■ ACTION ITEM
Could you repeat every line below exactly, skipping the images?
BEGIN EXERCISE DATA
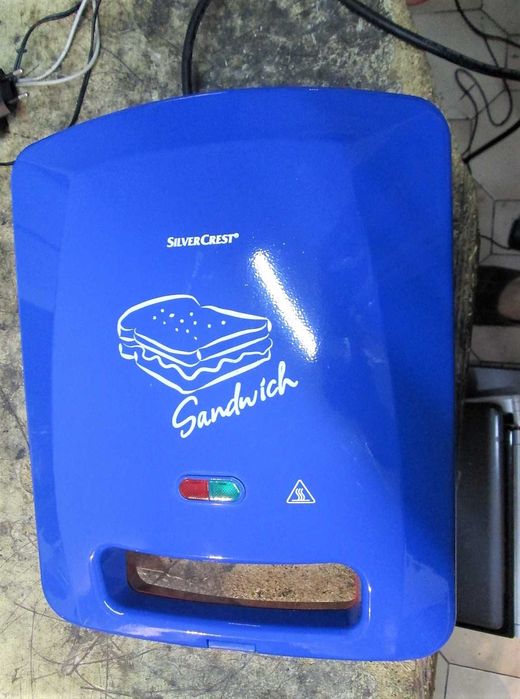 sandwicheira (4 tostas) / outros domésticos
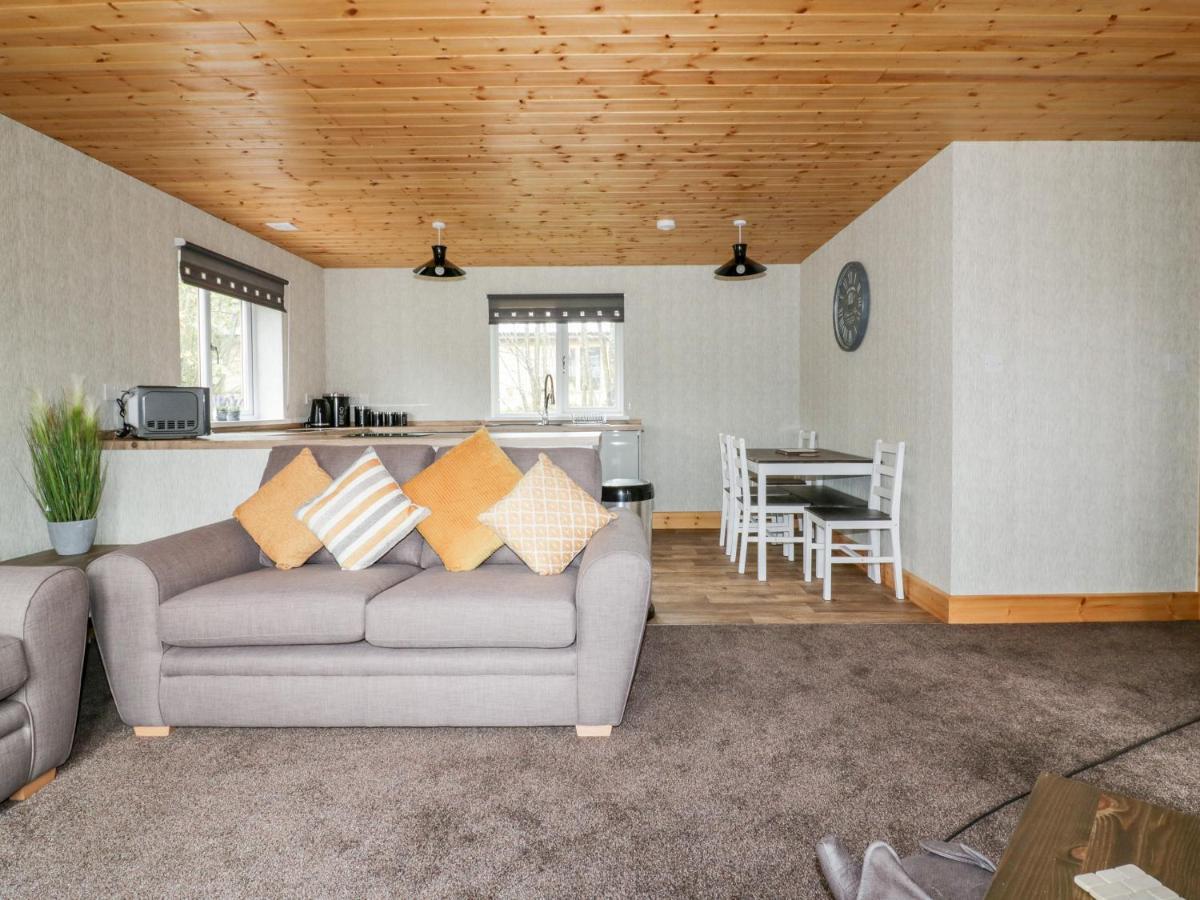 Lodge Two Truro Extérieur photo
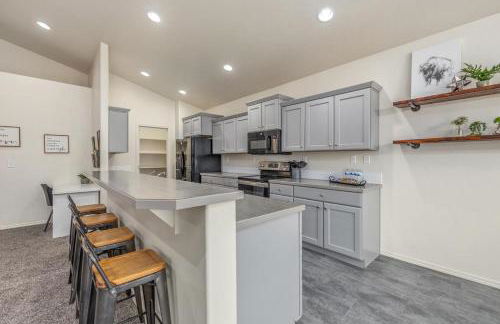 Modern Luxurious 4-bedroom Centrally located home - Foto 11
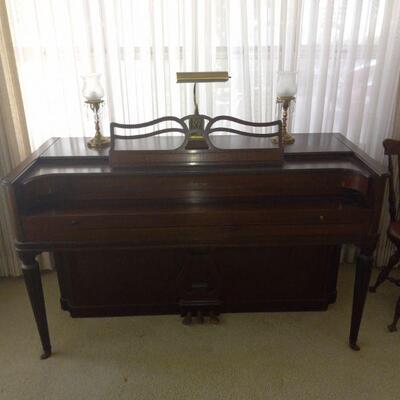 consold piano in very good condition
END EXERCISE DATA
■ PROBLEM SOLUTION
 sandwicheira (4 tostas) / outros domésticos
 Lodge Two Truro Extérieur photo
 Modern Luxurious 4-bedroom Centrally located home - Foto 11
 consold piano in very good condition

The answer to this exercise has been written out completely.